2 May 2008
Royal Dutch Shell has never been shy when considering Iraq’s huge potential. Even when the country was under UN sanctions, company officials quietly traveled to and from Baghdad, fostering relations with oil ministry officials. Since the US-led invasion of 2003, it has pursued opportunities more aggressively, with a three-pronged strategy targeting the upstream in the north and south, and the gas sector. Now, Shell is seeking to cash in with a deal making it the first exporter of Iraqi gas.
Shell secured a privileged position in Iraq’s gas sector after 2003 by offering to prepare a master plan for the sector free of charge. Under an agreement signed in 2005, with Japan’s Mitsubishi as junior partner, Shell built a huge database and created models for the gas industry. That exercise put Shell ahead of the pack and helped it forge a long-term vision of how best to position itself, as other major oil companies remained hesitant about engagement with Iraq until conditions were more secure.

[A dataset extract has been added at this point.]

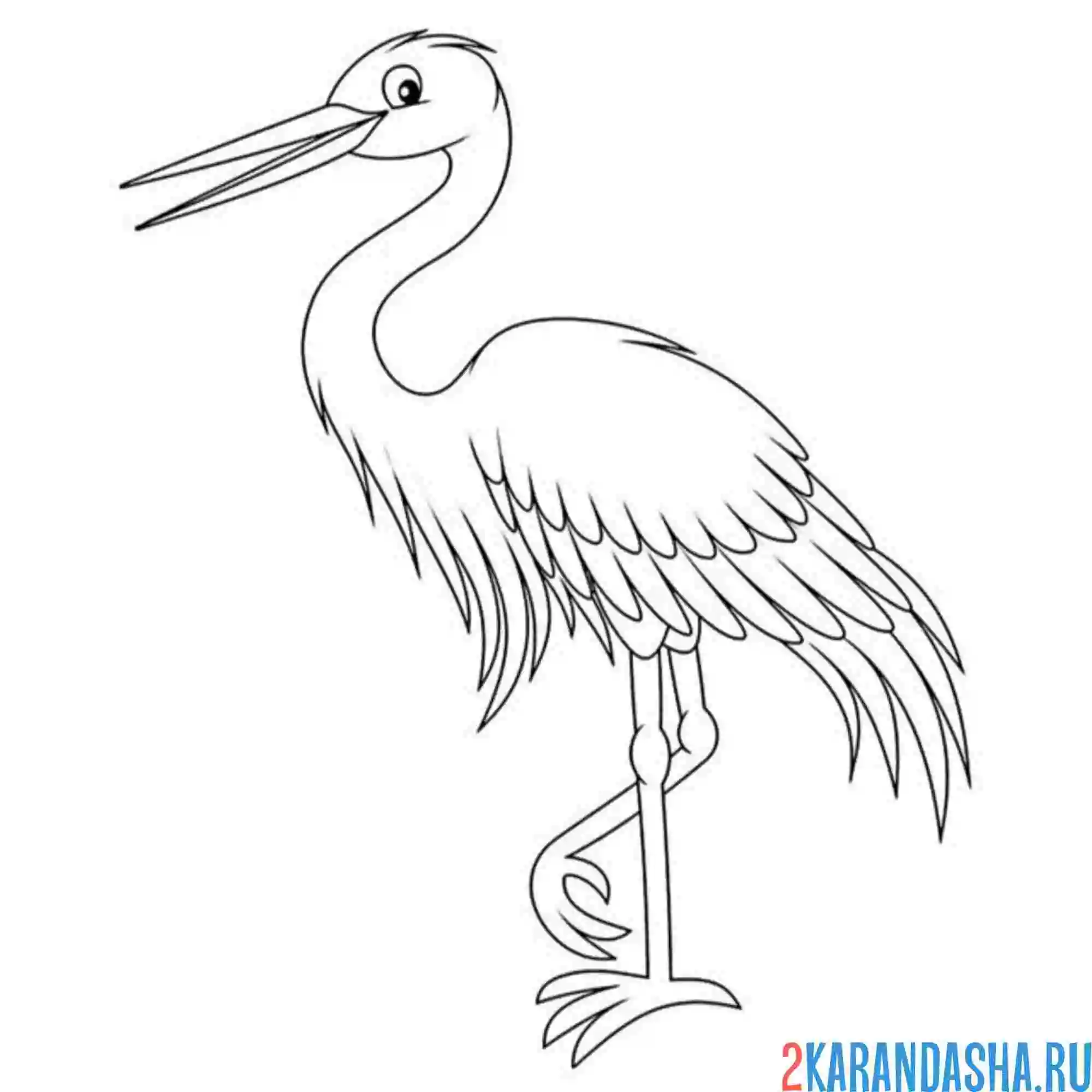 Раскраска белый аист птица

Building on this advantage, Shell recently proposed putting some of the master plan’s recommendations into practice with a long-term agreement to capture associated gas across southern Iraq, process it for the domestic market and export the surplus as LNG. It is now negotiating with the oil ministry for a heads of agreement on a joint venture, which could be signed as early as this summer. If all goes to plan, a final commercial deal would follow within a year.
The proposal — dubbed the South Gas Utilization project — targets 600 million cubic feet per day of associated raw gas, currently flared due to a lack of adequate facilities. This would be processed and treated to produce dry gas for power generation, plus 3,500 tons per day of associated liquefied petroleum gas (LPG) and 5,000 barrels per day of condensate. Once domestic needs are satisfied, the project envisages processing 400 MMcf/d into 2.5 million tons per year of LNG for export from 2012-15. Shell would install a floating liquefaction plant in the Shatt al-Arab waterway, close to the existing oil export terminals. The cost is estimated at $2 billion-$5 billion in the first five years.
After 2003, Shell initially focused on northern Iraq, signing preliminary agreements with Turkey’s Botas and TPAO to cooperate on gas exports. That strategy sought to build on a prewar agreement by the two Turkish companies to develop nonassociated gas fields in Iraq, for export to Turkey and Europe. However, it quickly became apparent that the north was problematic in security and political terms, prompting Shell to switch its attention to the south.
For Iraq, the South Gas Utilization project appeals on several counts. First, reducing the waste of flared gas is a priority, especially when fuel is urgently needed for power generation. Second, it would build on Shell’s existing knowledge and experience, avoiding the time and cost involved in pursuing a competitive project from scratch. And third, the absence of an upstream component is convenient, given delays in launching such projects and divisions in Baghdad over a new hydrocarbon law. All this makes for an uncontroversial proposal that could secure quick approval. Executing it as a joint venture with state South Gas Co. adds further strength.
Shell’s aim is to secure a long-term contract for 20-25 years through direct negotiation, in the same manner that it clinched a deal with Libya in 2005 for gas exploration and LNG development separately from Tripoli’s competitive tenders of exploration acreage. It also wants exclusive rights to all associated gas in southern Iraq, which has the potential to supply up to 2 billion cubic feet per day for export if oil production capacity reaches a targeted 5 million b/d from the area’s current 2.2 million b/d.
Shell employed a similar strategy for its upstream targets, namely the northern Kirkuk field and southern Missan fields. After losing a contest for a Kirkuk reservoir study to UK-based Exploration Consultants Ltd. (ECL) in 2005, Shell stepped in with an offer to provide technical and financial assistance for the work. Now, it is negotiating a short-term technical support contract to increase Kirkuk’s 350,000 b/d production by 100,000 b/d over two years, and is regarded as the front-runner for a long-term contract there. For talks on Missan, it has teamed up with Australia’s BHP Billiton, which has been targeting the fields since the late 1990s. Since 2004, Shell has been actively supporting state South Oil Co. at Missan with equipment, know-how and training, and helped boost production by 40,000 b/d to 120,000 b/d.
Compass Points
• SIGNIFICANCE: Shell’s proposed Iraq LNG deal would give it a head start in the country and open a new opportunity for Mideast gas development. The Anglo-Dutch major could do with some success in that sector, after losing a major sour gas development in Abu Dhabi to ConocoPhillips and failing to find commercial reserves after five years of exploration in Saudi Arabia.
• CONTEXT: Years of war and sanctions prevented Iraq from developing as a gas exporter, despite holding 112 trillion cubic feet of reserves. If Shell’s project materializes, it could produce billions in revenue, while sending a message that Iraq is finally open for business. The main challenge remains Baghdad’s transitional state, particularly its ability to sign and guarantee long-term contracts when legislation governing the sector is still pending.
• NEXT: The signing of a heads of agreement would allow the start of initial engineering and project management work, with actual construction following a definitive deal. Iraqi sources expect Shell’s proposal to be approved swiftly by the cabinet, although its long term might prompt some dissent. The oil ministry could decide to tender the project for appearance’s sake, but even then, Shell is unlikely to face serious competition given its obvious advantages.